Was hilft nun bei „Eisfüßen“, bei kalten und tauben Zehen konkret und kurzfristig? Das raten wir unsere Kunden:

  • Richtige Kleidung im Winter bedeutet: Dicke Socken, passendes Schuhwerk, Haussocken und warme Pantoffeln zu Hause.
  • Sport, Dehnungsübungen oder einfach nur leichtes Joggen wärmt die Füße wieder auf.

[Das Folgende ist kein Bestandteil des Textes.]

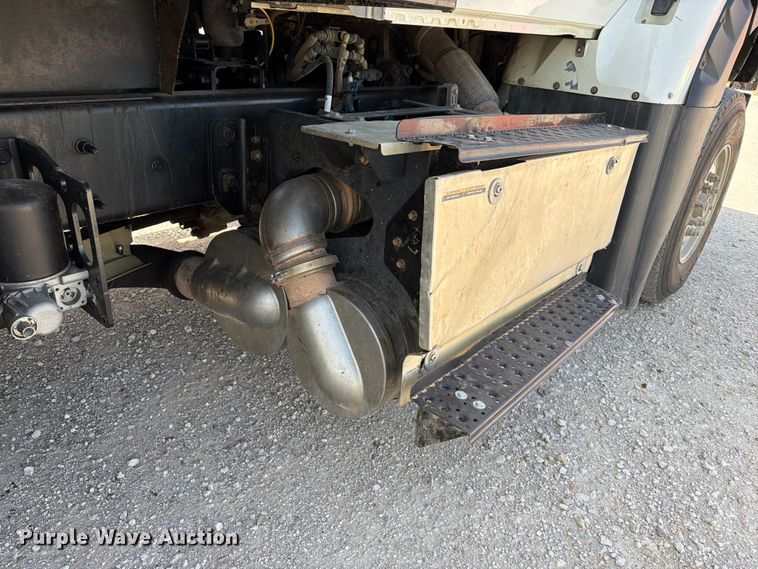 image for item EX4009 2019 International WorkStar 7600 dump truck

  • Fußbäder und Fußmassagen haben einen guten Effekt. Als Zusatz bietet sich Arnika an. Dieses regt die Durchblutung an. Ein Bad und eine heiße oder eine Wechseldusche helfen dabei, wieder warm zu werden.
  • Auch über die Ernährung kann man etwas tun. Oma wusste das noch: Scharfes, gut gewürztes Essen wärmt von innen: Gerichte mit Chili, Curry, buntem Pfeffer, Kurkuma, Ingwer und auch Zimt helfen bei frierenden Extremitäten.
  • Genügend zu Trinken ist essentiell nötig für eine gute Blutzirkulation. Zwei Liter den Tag sollten reichen.
  • „Auftauen“ nicht mit heißem Wasser forcieren, sondern nur mit wärmerem Wasser und sanften Massagen. Per Hand oder mit Massagebällen mit Noppen oder per Holzroller.

Bei anhaltenden Problemen mit kalten Füßen empfehlen wir ausdrücklich den Besuch eines Arztes.